## Data section
§ §
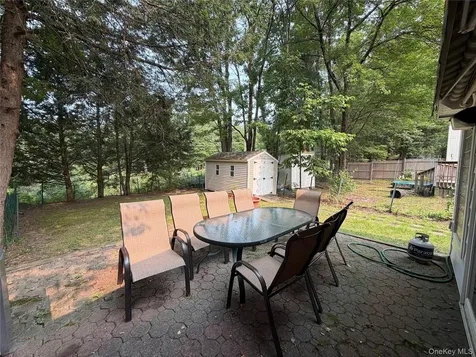 7 Elizabeth Way Kiamesha Lake NY 12751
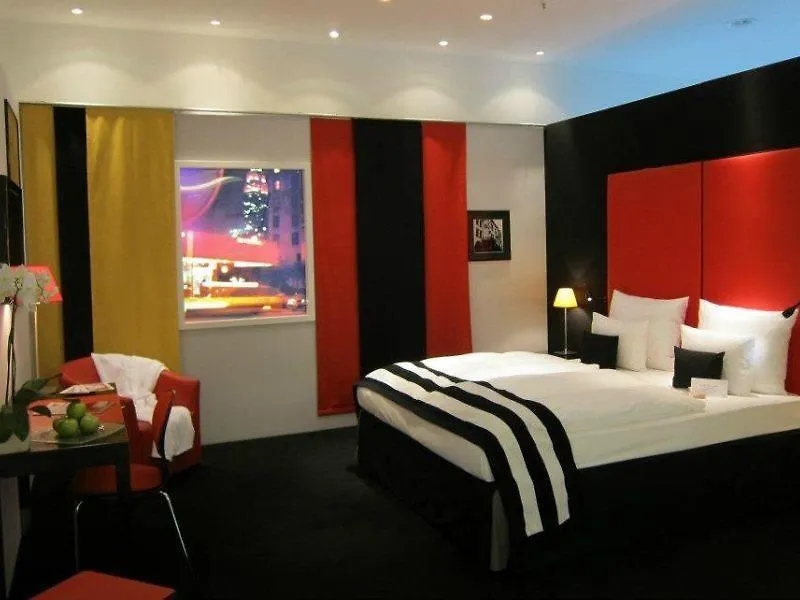 Hotell Holiday Inn Munich - Westpark By Ihg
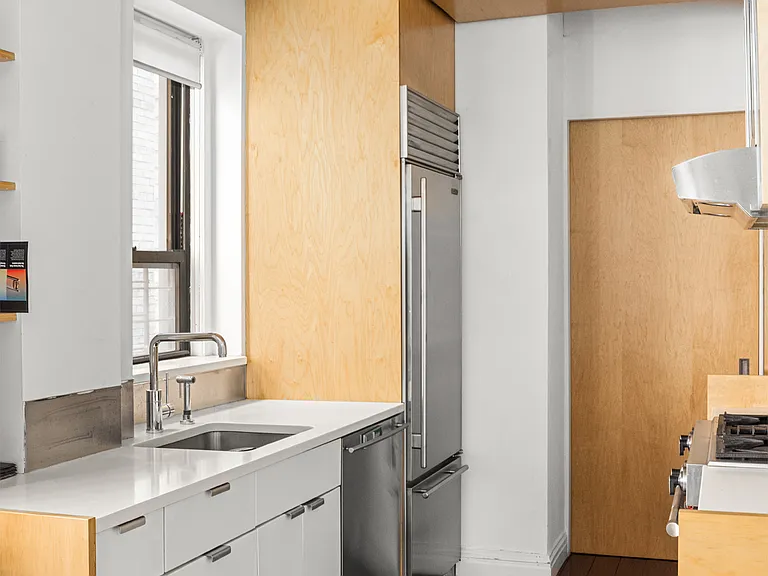 120 W 58th St #6D — Photo 5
§ §
## Work to complete
Go through the listing above and retype it exactly, skipping every picture.

## Task result
 7 Elizabeth Way Kiamesha Lake NY 12751
 Hotell Holiday Inn Munich - Westpark By Ihg
 120 W 58th St #6D — Photo 5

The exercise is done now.